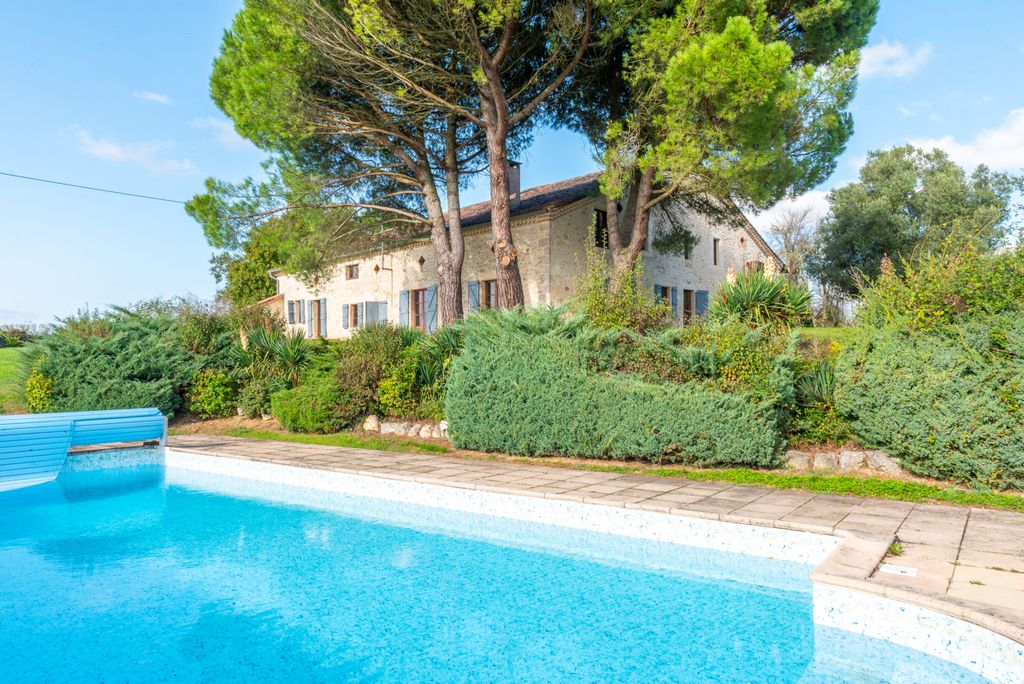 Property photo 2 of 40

★ ★ ★ ★ ★ ★ ★

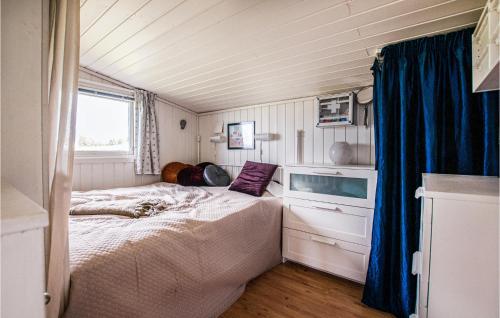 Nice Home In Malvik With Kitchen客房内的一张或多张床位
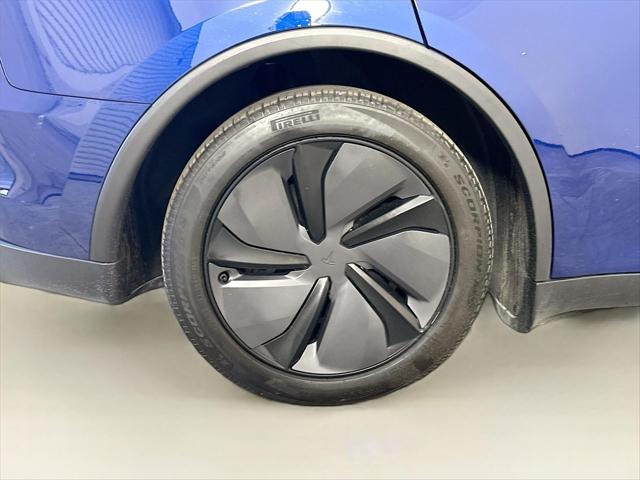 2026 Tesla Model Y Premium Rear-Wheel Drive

★ ★ ★ ★ ★ ★ ★

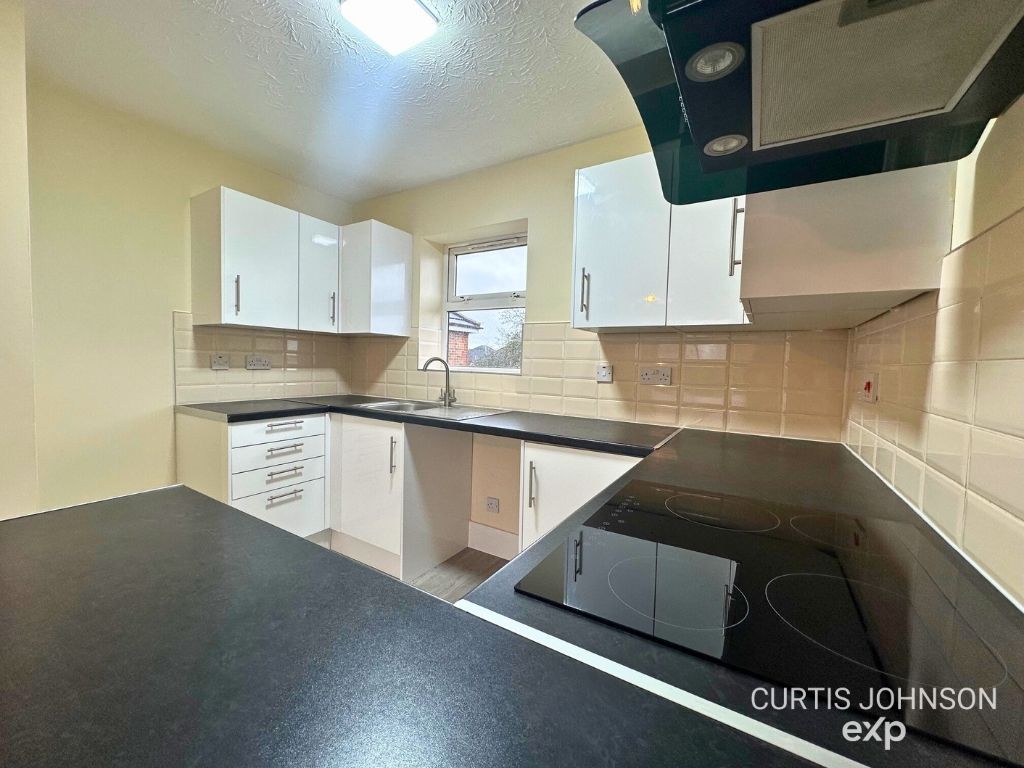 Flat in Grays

★ ★ ★ ★ ★ ★ ★

**Aim of the exercise:**
Print, exactly and with no pictures, the lines of the listing above starting at the one that has "Nice Home In Malvik With Kitchen客房内的一张或多张床位" and ending at the one that has "2026 Tesla Model Y Premium Rear-Wheel Drive", both included.

**Answer space:**
 Nice Home In Malvik With Kitchen客房内的一张或多张床位
 2026 Tesla Model Y Premium Rear-Wheel Drive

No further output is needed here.